▸ Problem details
Could the lines from the top of the material to the line that contains "Sequin Max Azria" be retyped exactly, both included and pictures omitted?

Start of Data for review

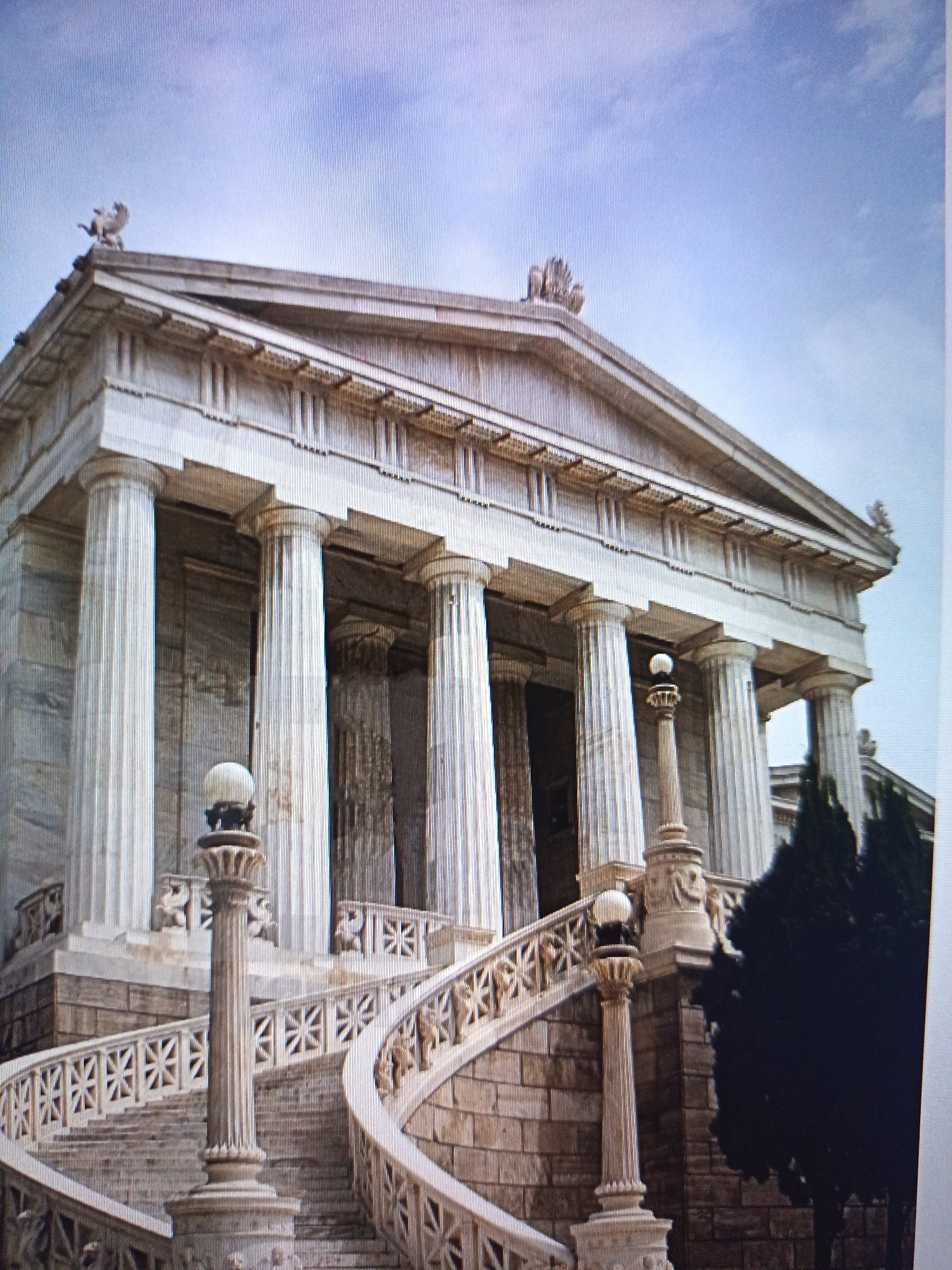 The image shows a grand neoclassical building with a pedimented facade, supported by multiple fluted columns. A curved staircase with ornate railings leads up to the building's entrance. Sculptural elements, possibly lions, are visible on the roofline. A tall column with a globe-like fixture stands beside the staircase. A dark evergreen tree is situated to the right of the building. The sky above is a pale blue with some scattered clouds. This building is the National Library of Uzbekistan named after Alisher Navoi, located in Tashkent, Uzbekistan.
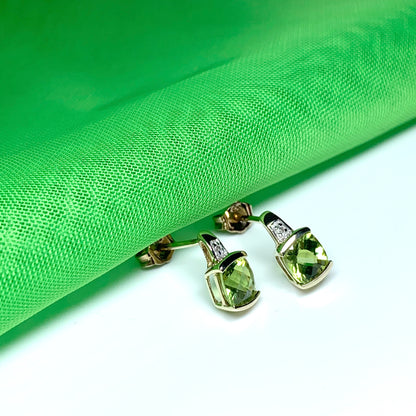 Peridot and diamond yellow gold cushion shaped earrings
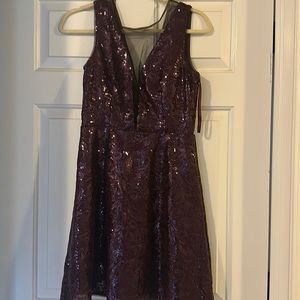 Sequin Max Azria dress. Cut low but mesh in front.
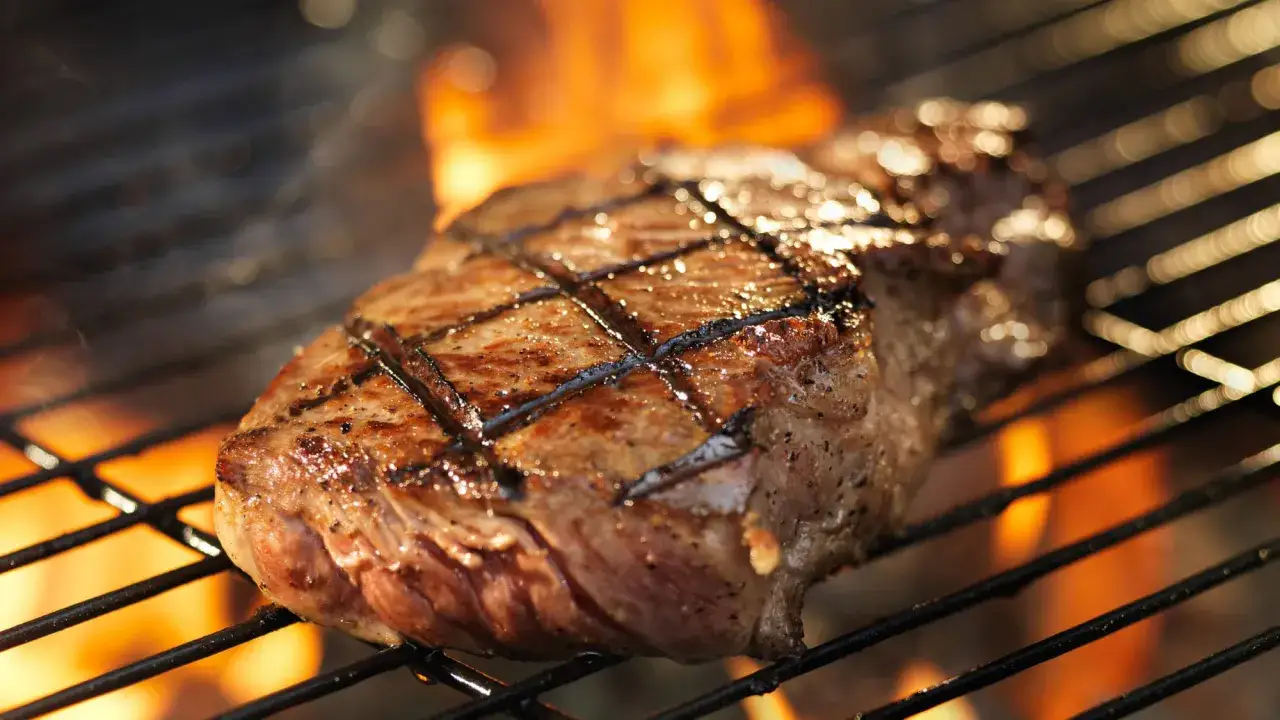 Un délicieux faux filet barbecue, marqué par les flammes, cuit à la perfection sur un gril.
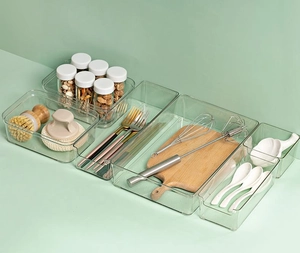 Transparent drawer organizers showing various sizes for kitchen tools and accessories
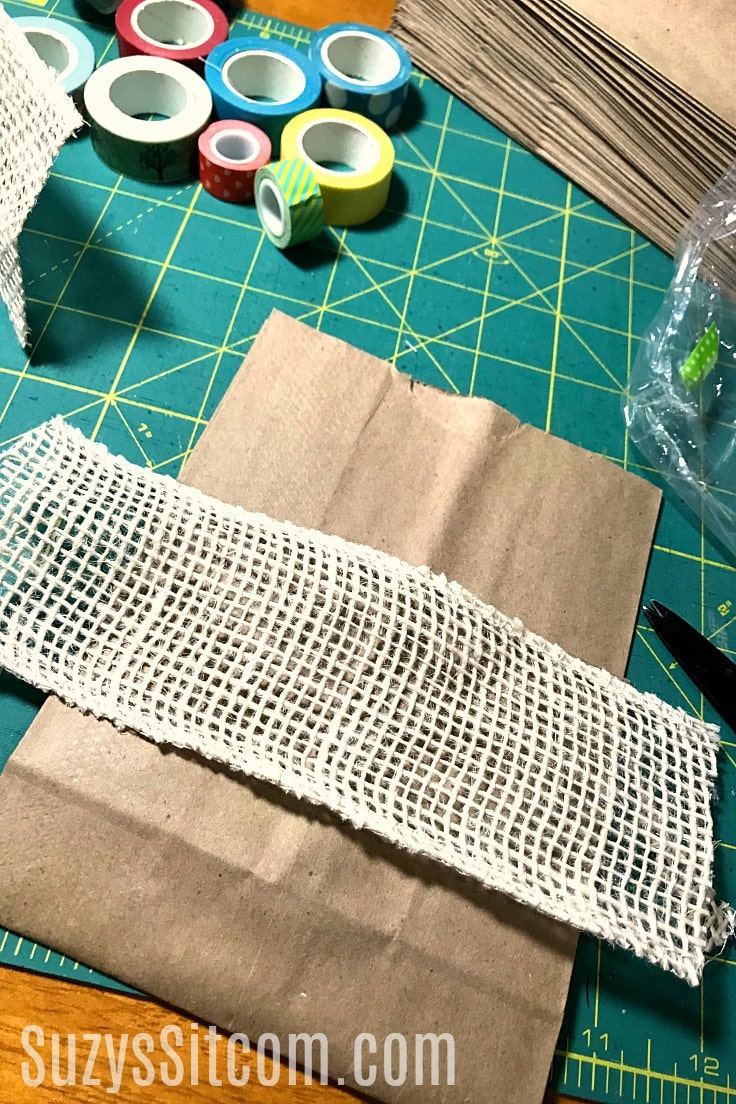 Adding burlap ribbon to the paper bag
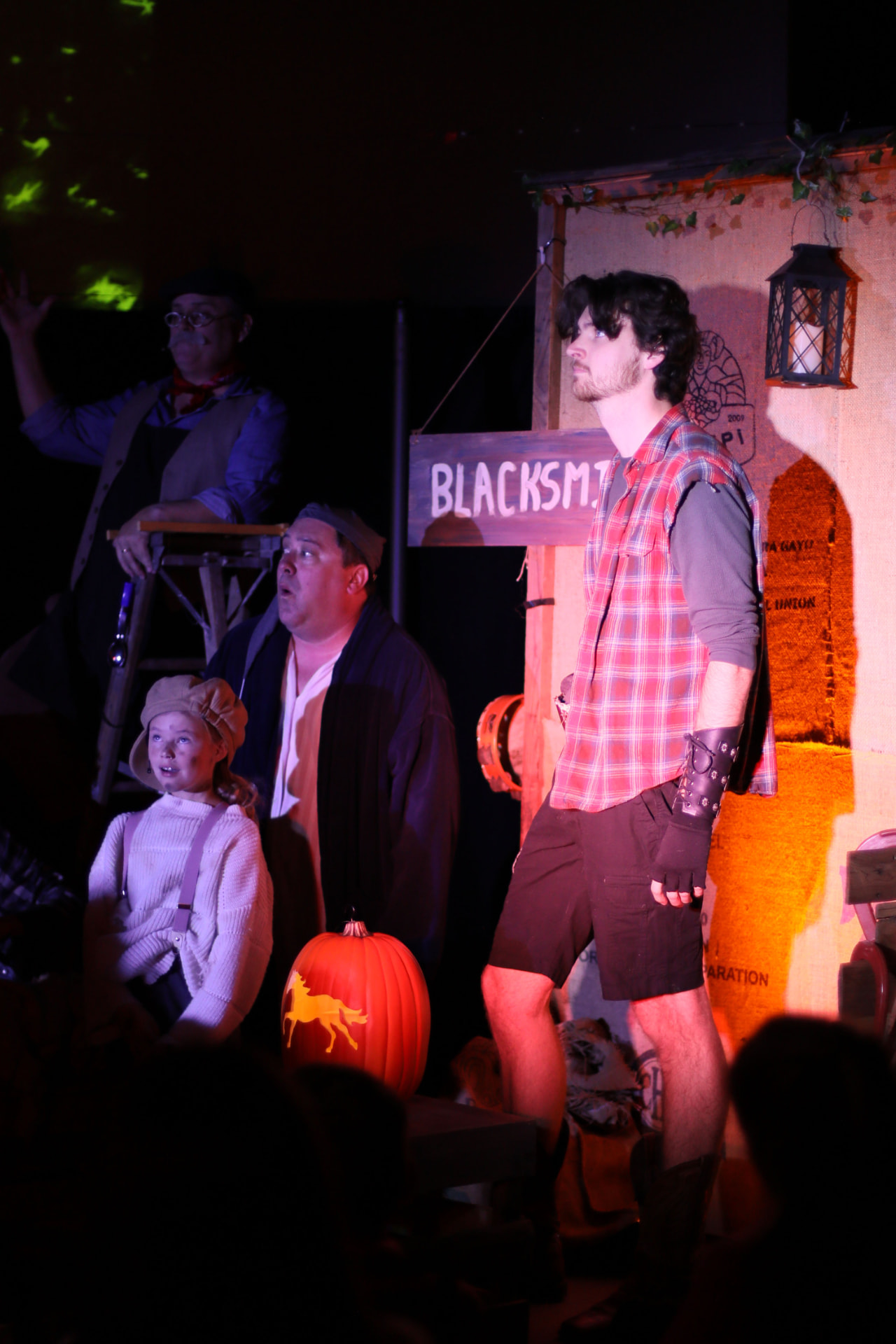 The Blacksmith scene at the Fall Festival, with the Pumpkin Kid and villagers watching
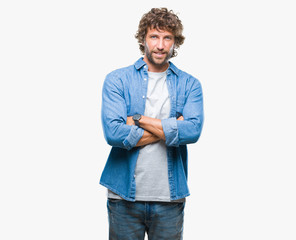 Handsome hispanic model man over isolated background happy face smiling with crossed arms looking at the camera. Positive person.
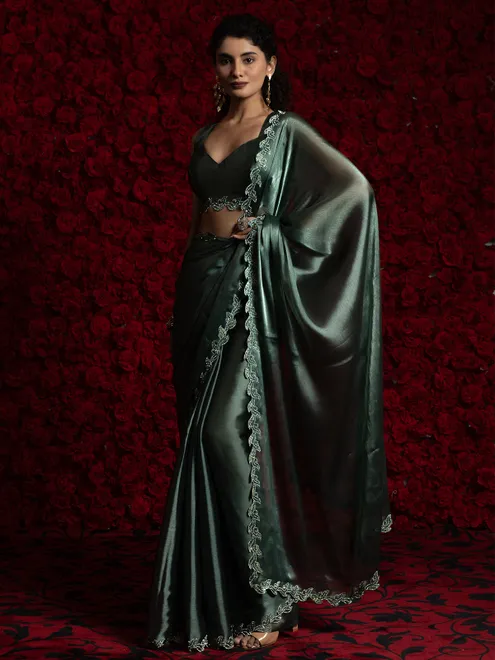 Dark green party wear chiffon saree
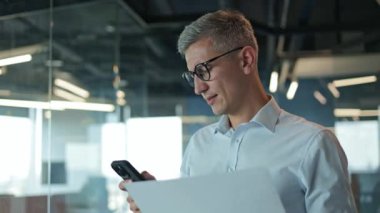 İş adamı telefonuna bakıyor ve elindeki belgeleri inceliyor. Gözlüklü erkek SEO uzmanı ofis odasında cep telefonu tutarken dokümanlara dayalı bir rapor hazırlıyor..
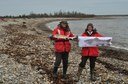 MEFO staff, Wende Mahaney and Fred Seavey, show pride in Maine's anadromous fish while cleaning up Petit Manan Point.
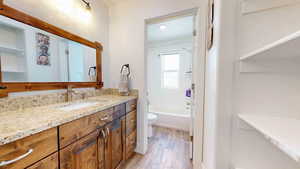 Full bathroom with wood-type flooring, vanity, toilet, and washtub / shower combination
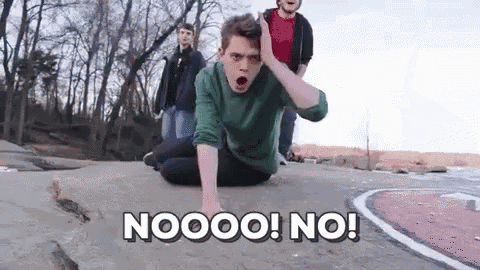 a man in a green shirt is kneeling on the ground with his hand on his head and the words nooo ! no ! above him
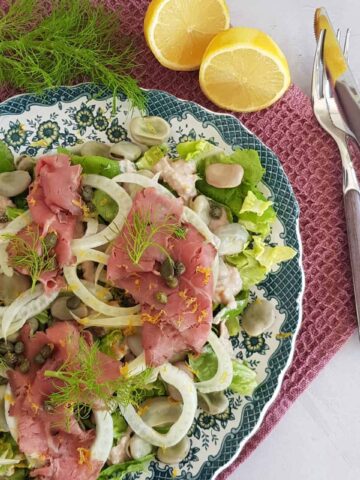 Vitello tonnato maaltijdsalade op een groot bord met blauwe rand. De salade is rijkelijk gevuld met rosbief, venkel, bonen en kappertjes, en gegarneerd met venkelloof.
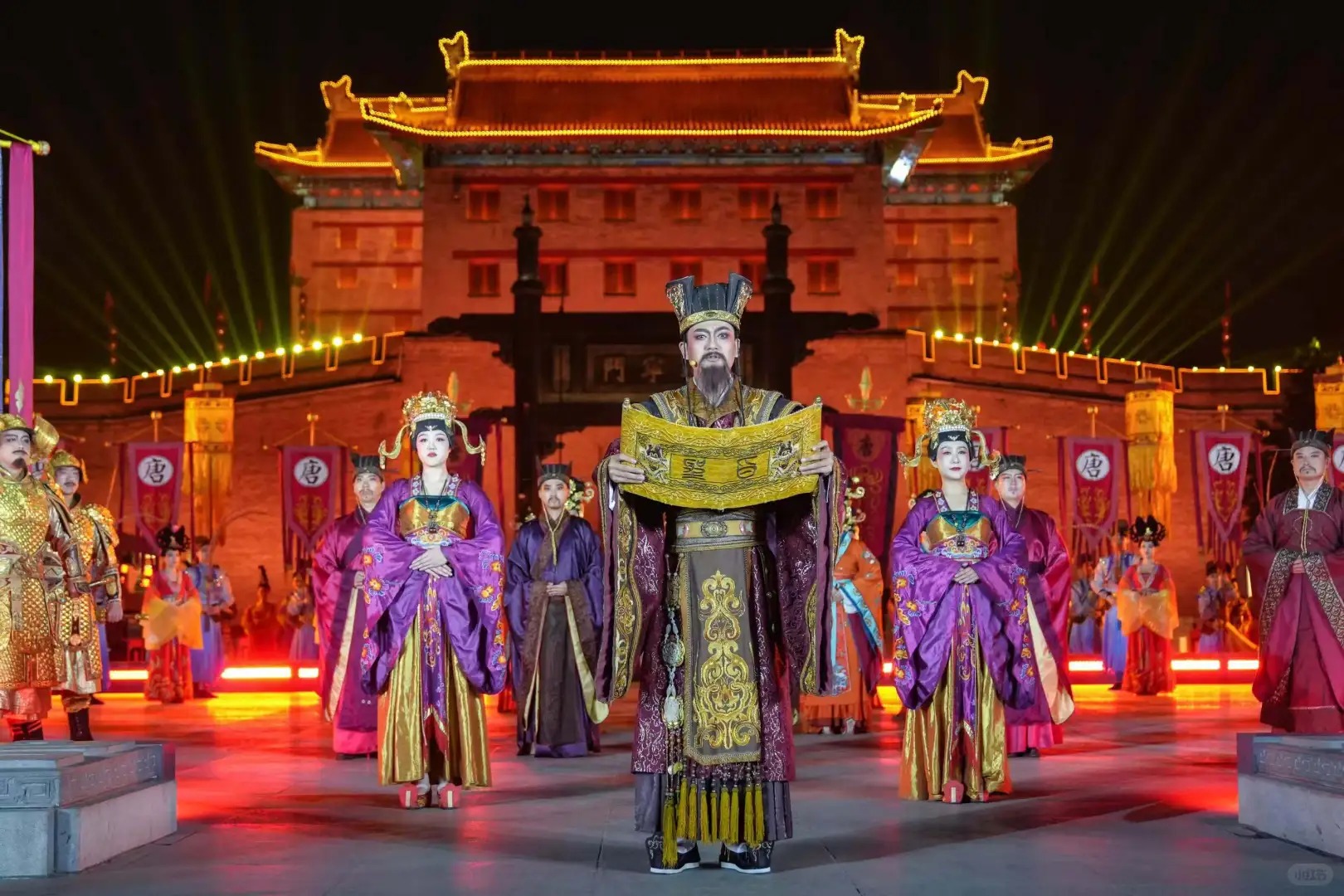 演員們身著精緻唐代服飾，中間演員手持金黃卷軸，頭戴冕冠，服飾華麗莊重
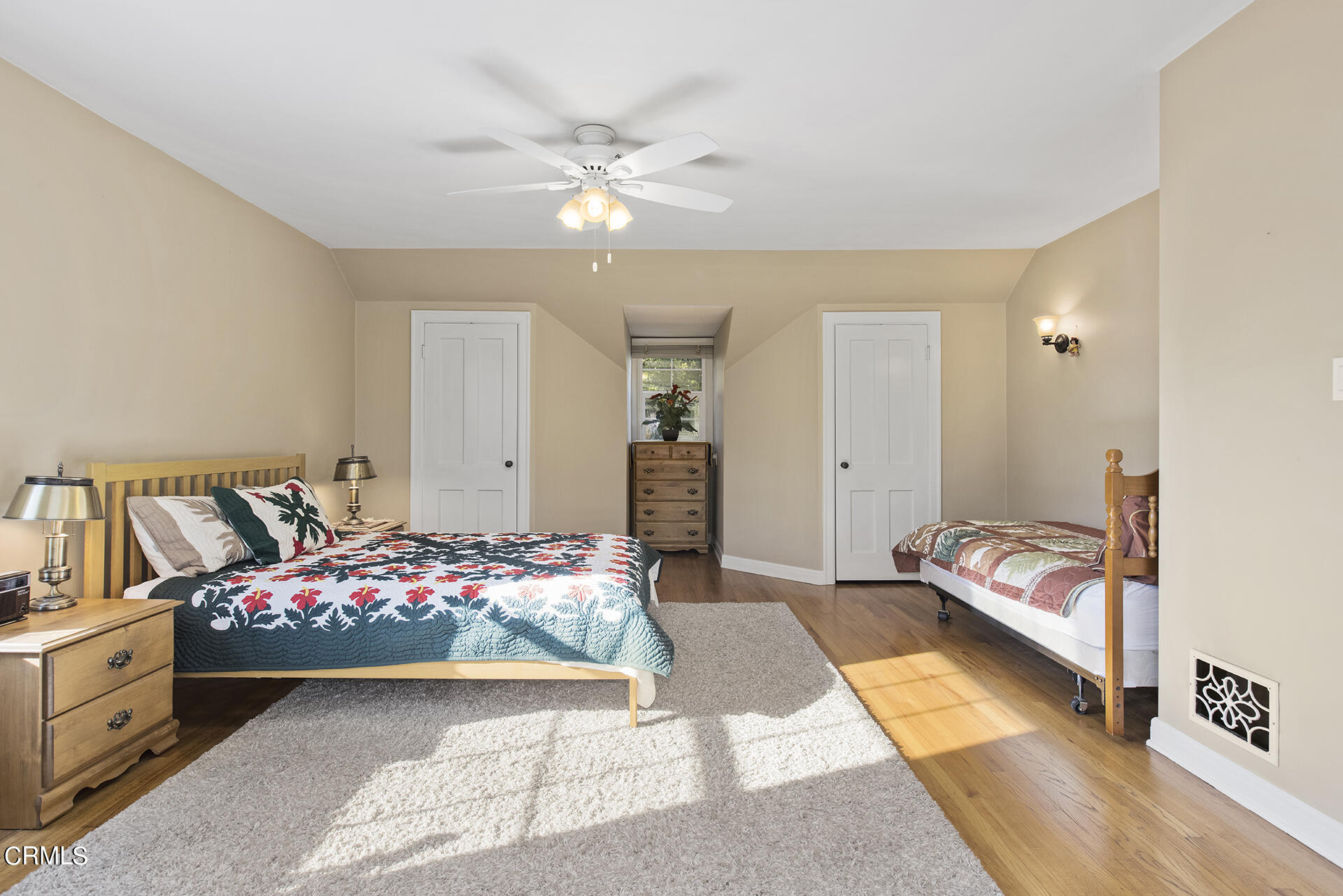 3320 Yorkshire Road Pasadena, CA 91107 - Photo 19 of 26 a bedroom with a bed and ceiling fan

End of Data for review

▸ Exercise solution
 The image shows a grand neoclassical building with a pedimented facade, supported by multiple fluted columns. A curved staircase with ornate railings leads up to the building's entrance. Sculptural elements, possibly lions, are visible on the roofline. A tall column with a globe-like fixture stands beside the staircase. A dark evergreen tree is situated to the right of the building. The sky above is a pale blue with some scattered clouds. This building is the National Library of Uzbekistan named after Alisher Navoi, located in Tashkent, Uzbekistan.
 Peridot and diamond yellow gold cushion shaped earrings
 Sequin Max Azria dress. Cut low but mesh in front.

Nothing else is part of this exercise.